After a slightly shaky start, the Institute of Recruiters (IoR) was finally launched last week. But what is the point of another professional body in the HR and recruitment marketplace, and is the new organisation going to be able to offer anything really meaningful to its members?
The IoR is the brainchild of Azmat Mohammed, the organisation's director of information and communication technology and operations, and Dave Barber, director of member services. Barber was previously a regional director for the Recruitment and Employment Confederation (REC) for a number of years while Mohammed is CEO of digital services company ID Interactive.
Barber and Mohammed founded the not-for-profit IoR with the aim of representing the interests of recruiters and HR professionals in the UK and overseas, offering a range of benefits and services, with a strong emphasis on education. The institute plans a distinct focus on professional education to allow members to grow their careers and businesses through university-run professional development courses.
Mohammed is clear as to where he feels the gap in the market existed. "Two years ago we as a business were recruiting," he explains, "and we dealt with a number of people who were members of the REC. I don't want to be slating an incumbent organisation, but, for us, we weren't getting what we wanted. We also looked at the CIPD and one of the things we found was that there wasn't really a joined-up policy tackling everything from recruitment through to HR to retention and then release. These are connected processes."
As part of this "holistic" approach, the IoR is building a capability and training needs analysis model that will form the cornerstone of its membership process. The model is based on the National Occupational Standards for Recruiters, with the addition of certain core skills that are regarded as important to the recruitment profession. National Occupational Standards are used by government, sector skills councils, educational providers and businesses to define the competency standards required by a wide range of roles in many different sectors.
The model, which will be used as the initial basis for admission to the institute, is neither an entrance exam nor a screening tool. Rather, it is a service for members that allows them to assess their own competence and professionalism against the levels that would be expected for their role.
Another key aim of the institute is the ability to leverage technology to help members operate more efficiently.
As part of this commitment, it has partnered with technology giant Cisco to provide a custom web portal for its members.

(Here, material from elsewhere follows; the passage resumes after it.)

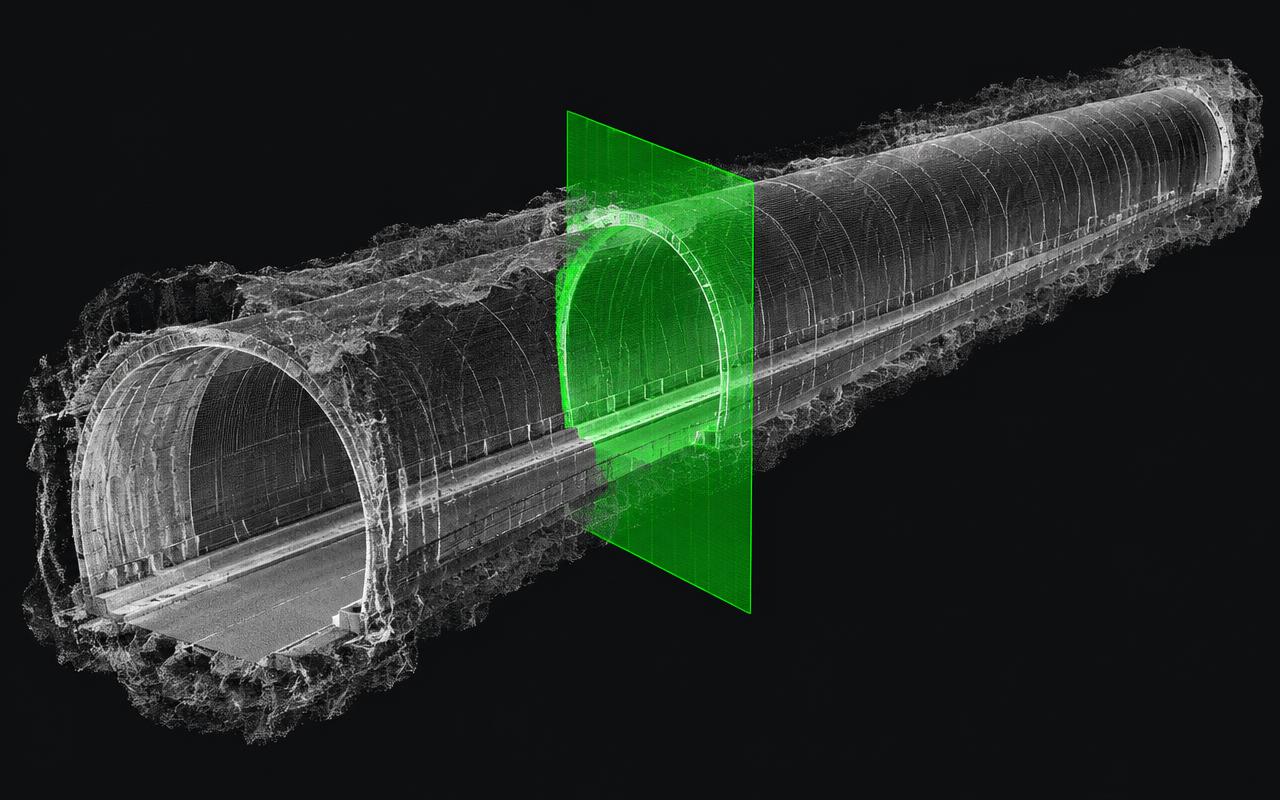 Visualização ilustrativa de plano de corte sobre nuvem de pontos de túnel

The software will allow IoR members to access fully interactive online events that can be made available to up to several thousand participants at any one time. IoR members will be able to use top-end technology to attend virtual round tables on industry hot topics and access university-accredited continuing-professional-development events and high-quality training.
As for take-up, Mohammed would not be drawn on membership numbers but did say that: "Members are coming in at a rate that could take us to 10,000 affiliates within three years."
The new institute was scrutinised heavily before its formal launch, not least on LinkedIn, which was its primary route to market. Accusations of censorship and a lack of transparency didn't help to quell cynicism or questions about the organisation's "institute" status (the IoR is legally allowed to use the title due to having a US headquarters).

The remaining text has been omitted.